O príncipe acabou sentindo não propriamente pena desse homem, mas
indisposição por causa dele. Ocorreu-lhe ajudar de qualquer forma essa criatura,
mediante alguma boa influência. Não, no caso, influência sua, pois não se
considerou capaz de poder exercê-la, por muitos motivos; não que deixasse de
confiar em si mesmo, ruas devido ao seu feitio sui generis de encarar as coisas. E
assim o foi aturando, uma vez vencido o desejo de se ver livre dele. Keller, com
extraordinária presteza, confessou ações sobre as quais pareceria inconcebível
que alguém quisesse conversar. A cada nova história asseverava que
positivamente estava arrependido e “cheio de lágrimas”, mas, falando, via- se
que estava orgulhoso de as ter cometido. E se tornou tão absurdo que, por fim,
tanto ele como o príncipe se riam a perder.
- A grande coisa é que você tem uma
espécie de confiança infantil, e uma extraordinária franqueza – disse no fim, o
príncipe - E, quer saber, isso faz com que muita, muita coisa lhe seja perdoada!

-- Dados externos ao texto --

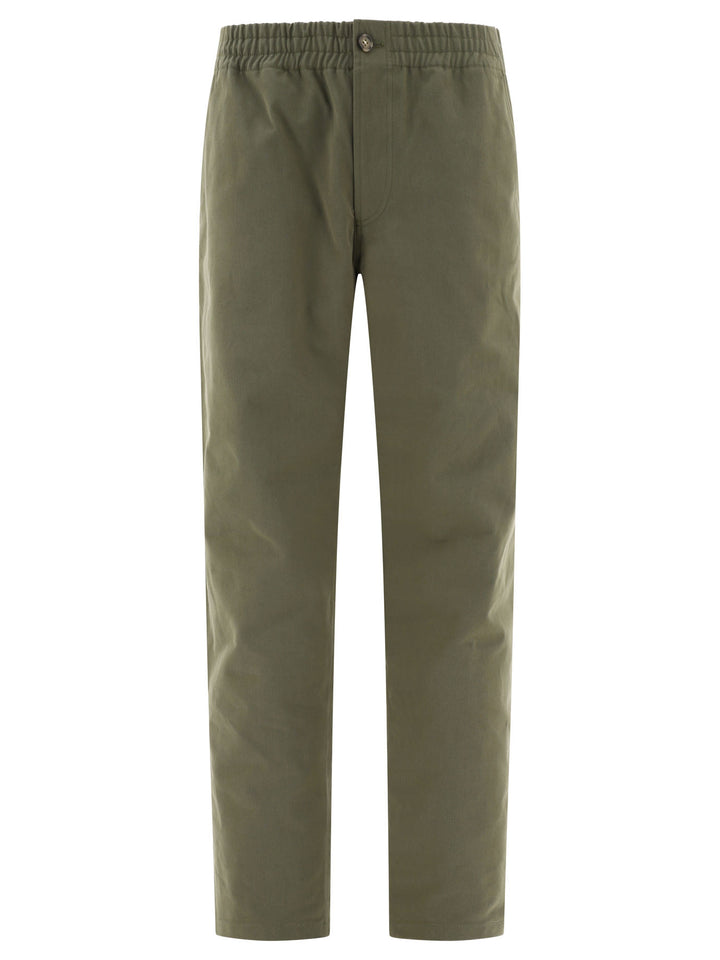 Chuck Trousers Green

- Eu tenho alma nobre, nobre e cavalheiresca! - confirmou Keller
enternecido - Mas quer saber de uma coisa, príncipe, tudo isso não passa de
sonho, ou - como direi? - de bravata; e sempre dá em nada. E por que será? Não
compreendo!
- Não descoroçoe! Agora se pode dizer, com certeza, que você me fez um relato
total de tudo. Parece-me que até será impossível acrescentar qualquer coisinha
mais ao que você me disse, não é?
- Impossível? - exclamou Keller, quase com
ar aflito - Oh, príncipe, como o senhor interpreta, de uma maneira completa, à
la Suisse, a natureza humana!
- Acha então possível acrescentar mais alguma
coisa? - indagou o príncipe, com um espanto acanhado - Ora, diga lá, Keller, que
é que deseja de mim e por que foi que veio a mim com essa confissão?
- Do
senhor? O que desejo? Em primeiro lugar, causa prazer assistir à sua
simplicidade; dá gosto sentar e ficar ouvindo o senhor. A gente vê logo que tem
diante de si uma pessoa virtuosa, nem há dúvida; e, em segundo lugar, em
segundo lugar... - e ficou confuso.
- Quem sabe se você não queria me pedir dinheiro emprestado? - foi-lhe ao
encontro do pensamento o príncipe com ar grave e singelo, um pouco
timidamente, até.
Keller não pôde deixar de ficar sobressaltado. Assestou imediatamente, cheio de
admiração, o olhar no rosto do príncipe e arrumou com o punho fechado,
violentamente, sobre a mesa.
- Ora aí está como se derruba um sujeito, de um golpe só! Palavra de honra,
príncipe, que simplicidade, que inocência, coisa nunca vista nem mesmo na
Idade do Ouro! Como de uma vez só o senhor traspassa o âmago de um sujeito,
como uma flecha, com sua tão profunda observação psicológica! Mas, com
licença, Alteza! Isto requer, está a pedir uma explicação, pois estou traspassado...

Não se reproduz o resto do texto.